WORK ITEM
Starting at the line that holds "Serviu Valparaíso inicia", transcribe every line to the end of the data exactly; include no other lines.

MATERIAL FOR THIS EXERCISE
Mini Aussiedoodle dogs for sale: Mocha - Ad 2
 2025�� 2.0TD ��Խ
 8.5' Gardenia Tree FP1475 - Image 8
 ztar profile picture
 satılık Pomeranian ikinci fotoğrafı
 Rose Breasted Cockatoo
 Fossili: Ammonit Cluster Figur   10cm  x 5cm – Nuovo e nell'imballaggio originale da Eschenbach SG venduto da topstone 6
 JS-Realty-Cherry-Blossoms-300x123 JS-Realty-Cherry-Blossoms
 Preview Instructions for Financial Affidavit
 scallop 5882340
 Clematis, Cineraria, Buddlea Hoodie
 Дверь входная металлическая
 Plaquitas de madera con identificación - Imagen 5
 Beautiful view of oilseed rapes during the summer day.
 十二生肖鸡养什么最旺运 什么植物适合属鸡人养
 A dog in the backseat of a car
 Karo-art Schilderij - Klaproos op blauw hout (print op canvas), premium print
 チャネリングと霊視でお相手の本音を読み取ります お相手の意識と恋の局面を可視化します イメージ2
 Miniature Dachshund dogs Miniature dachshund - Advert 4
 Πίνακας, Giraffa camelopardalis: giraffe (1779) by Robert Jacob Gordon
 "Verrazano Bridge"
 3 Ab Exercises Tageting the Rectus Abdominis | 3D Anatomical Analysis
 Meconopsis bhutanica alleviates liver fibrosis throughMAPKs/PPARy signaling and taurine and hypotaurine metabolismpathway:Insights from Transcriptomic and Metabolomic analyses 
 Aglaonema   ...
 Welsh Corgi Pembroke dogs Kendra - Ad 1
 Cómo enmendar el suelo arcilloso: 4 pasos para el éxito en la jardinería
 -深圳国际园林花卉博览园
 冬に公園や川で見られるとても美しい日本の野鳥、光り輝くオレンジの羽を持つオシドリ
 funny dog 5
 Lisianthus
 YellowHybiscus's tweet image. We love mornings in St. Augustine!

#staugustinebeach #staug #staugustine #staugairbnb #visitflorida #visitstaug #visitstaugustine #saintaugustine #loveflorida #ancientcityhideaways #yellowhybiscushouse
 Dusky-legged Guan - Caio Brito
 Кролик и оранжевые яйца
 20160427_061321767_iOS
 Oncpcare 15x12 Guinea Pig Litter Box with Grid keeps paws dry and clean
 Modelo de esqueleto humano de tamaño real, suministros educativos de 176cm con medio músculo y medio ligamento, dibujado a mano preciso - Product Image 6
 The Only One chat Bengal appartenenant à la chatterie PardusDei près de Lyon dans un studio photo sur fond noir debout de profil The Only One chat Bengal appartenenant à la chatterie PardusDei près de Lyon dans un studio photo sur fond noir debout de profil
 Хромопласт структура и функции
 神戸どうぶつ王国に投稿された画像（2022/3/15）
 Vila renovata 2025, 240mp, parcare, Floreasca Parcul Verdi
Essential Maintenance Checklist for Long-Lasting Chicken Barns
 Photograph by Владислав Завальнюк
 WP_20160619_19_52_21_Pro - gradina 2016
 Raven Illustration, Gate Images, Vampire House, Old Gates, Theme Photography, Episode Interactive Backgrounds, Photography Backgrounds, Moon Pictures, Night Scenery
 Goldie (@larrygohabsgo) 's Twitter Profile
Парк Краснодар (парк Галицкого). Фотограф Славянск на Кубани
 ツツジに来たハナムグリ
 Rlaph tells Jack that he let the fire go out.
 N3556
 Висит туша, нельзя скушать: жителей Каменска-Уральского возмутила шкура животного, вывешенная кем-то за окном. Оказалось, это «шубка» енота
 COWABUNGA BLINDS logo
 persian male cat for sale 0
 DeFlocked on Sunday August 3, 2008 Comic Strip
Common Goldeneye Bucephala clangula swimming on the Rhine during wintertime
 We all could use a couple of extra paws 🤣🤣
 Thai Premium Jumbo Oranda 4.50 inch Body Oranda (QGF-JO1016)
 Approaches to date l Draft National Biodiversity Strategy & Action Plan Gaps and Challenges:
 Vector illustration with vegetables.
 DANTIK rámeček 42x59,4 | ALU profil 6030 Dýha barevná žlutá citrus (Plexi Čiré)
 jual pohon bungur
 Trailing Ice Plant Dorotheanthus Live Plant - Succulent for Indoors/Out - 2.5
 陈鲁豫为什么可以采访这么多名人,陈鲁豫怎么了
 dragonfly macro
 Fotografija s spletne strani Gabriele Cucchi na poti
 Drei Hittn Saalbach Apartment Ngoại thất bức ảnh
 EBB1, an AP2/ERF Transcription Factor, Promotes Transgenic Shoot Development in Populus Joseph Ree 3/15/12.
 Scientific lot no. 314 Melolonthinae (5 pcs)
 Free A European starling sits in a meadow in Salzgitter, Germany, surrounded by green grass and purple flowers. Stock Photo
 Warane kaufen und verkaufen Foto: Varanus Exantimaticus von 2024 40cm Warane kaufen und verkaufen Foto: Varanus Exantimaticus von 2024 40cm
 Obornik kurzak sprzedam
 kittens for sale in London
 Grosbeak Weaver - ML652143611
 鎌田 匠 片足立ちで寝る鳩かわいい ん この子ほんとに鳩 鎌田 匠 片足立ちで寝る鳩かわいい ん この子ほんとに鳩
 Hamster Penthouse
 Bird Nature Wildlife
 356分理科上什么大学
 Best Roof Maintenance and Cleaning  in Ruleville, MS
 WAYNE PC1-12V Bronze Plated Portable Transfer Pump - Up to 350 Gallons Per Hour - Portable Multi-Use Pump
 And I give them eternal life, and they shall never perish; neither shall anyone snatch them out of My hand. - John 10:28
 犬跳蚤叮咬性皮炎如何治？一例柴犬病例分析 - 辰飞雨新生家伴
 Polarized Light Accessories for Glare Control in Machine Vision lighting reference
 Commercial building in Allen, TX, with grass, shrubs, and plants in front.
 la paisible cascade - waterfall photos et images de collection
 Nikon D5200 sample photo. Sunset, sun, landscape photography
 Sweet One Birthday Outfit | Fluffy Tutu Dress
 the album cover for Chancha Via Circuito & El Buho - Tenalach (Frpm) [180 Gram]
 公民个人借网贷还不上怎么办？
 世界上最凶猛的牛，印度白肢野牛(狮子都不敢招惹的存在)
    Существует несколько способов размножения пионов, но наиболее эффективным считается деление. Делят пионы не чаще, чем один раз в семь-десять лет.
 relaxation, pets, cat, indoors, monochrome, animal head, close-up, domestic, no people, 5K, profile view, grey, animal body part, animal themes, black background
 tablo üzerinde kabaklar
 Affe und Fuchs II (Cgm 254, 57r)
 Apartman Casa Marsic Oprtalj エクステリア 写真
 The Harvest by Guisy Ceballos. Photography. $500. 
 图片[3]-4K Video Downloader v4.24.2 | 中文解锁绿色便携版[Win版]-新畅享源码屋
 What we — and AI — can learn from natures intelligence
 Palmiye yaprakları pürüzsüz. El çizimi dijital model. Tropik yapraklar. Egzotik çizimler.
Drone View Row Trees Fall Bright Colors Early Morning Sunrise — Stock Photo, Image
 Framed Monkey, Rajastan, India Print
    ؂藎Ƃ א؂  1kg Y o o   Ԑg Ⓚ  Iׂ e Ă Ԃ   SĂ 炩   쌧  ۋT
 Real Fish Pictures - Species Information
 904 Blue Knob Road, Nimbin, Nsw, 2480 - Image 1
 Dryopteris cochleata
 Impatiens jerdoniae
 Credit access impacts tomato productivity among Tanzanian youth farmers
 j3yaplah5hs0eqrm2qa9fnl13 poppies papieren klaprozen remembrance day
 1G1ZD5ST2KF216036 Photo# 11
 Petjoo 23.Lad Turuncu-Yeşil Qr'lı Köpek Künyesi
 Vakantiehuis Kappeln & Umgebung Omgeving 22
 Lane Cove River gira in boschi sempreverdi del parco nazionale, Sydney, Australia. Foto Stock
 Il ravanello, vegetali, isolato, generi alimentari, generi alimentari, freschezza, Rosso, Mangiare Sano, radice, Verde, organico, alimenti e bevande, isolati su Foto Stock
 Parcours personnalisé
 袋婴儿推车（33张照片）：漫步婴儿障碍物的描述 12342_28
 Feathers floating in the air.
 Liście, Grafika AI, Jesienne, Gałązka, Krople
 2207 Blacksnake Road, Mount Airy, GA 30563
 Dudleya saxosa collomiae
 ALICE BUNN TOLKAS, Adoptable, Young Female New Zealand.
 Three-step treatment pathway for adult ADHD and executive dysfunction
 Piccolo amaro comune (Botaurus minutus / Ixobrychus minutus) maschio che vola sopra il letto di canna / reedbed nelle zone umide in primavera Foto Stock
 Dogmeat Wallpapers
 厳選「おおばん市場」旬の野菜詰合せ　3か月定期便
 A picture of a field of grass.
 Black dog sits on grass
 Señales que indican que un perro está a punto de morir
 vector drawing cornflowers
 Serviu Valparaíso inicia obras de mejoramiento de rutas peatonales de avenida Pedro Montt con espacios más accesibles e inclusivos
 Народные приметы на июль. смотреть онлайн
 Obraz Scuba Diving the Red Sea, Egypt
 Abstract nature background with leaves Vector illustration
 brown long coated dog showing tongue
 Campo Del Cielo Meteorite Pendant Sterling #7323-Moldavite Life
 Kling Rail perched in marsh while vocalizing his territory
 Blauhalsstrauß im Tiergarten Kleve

YOUR SOLUTION
 Serviu Valparaíso inicia obras de mejoramiento de rutas peatonales de avenida Pedro Montt con espacios más accesibles e inclusivos
 Народные приметы на июль. смотреть онлайн
 Obraz Scuba Diving the Red Sea, Egypt
 Abstract nature background with leaves Vector illustration
 brown long coated dog showing tongue
 Campo Del Cielo Meteorite Pendant Sterling #7323-Moldavite Life
 Kling Rail perched in marsh while vocalizing his territory
 Blauhalsstrauß im Tiergarten Kleve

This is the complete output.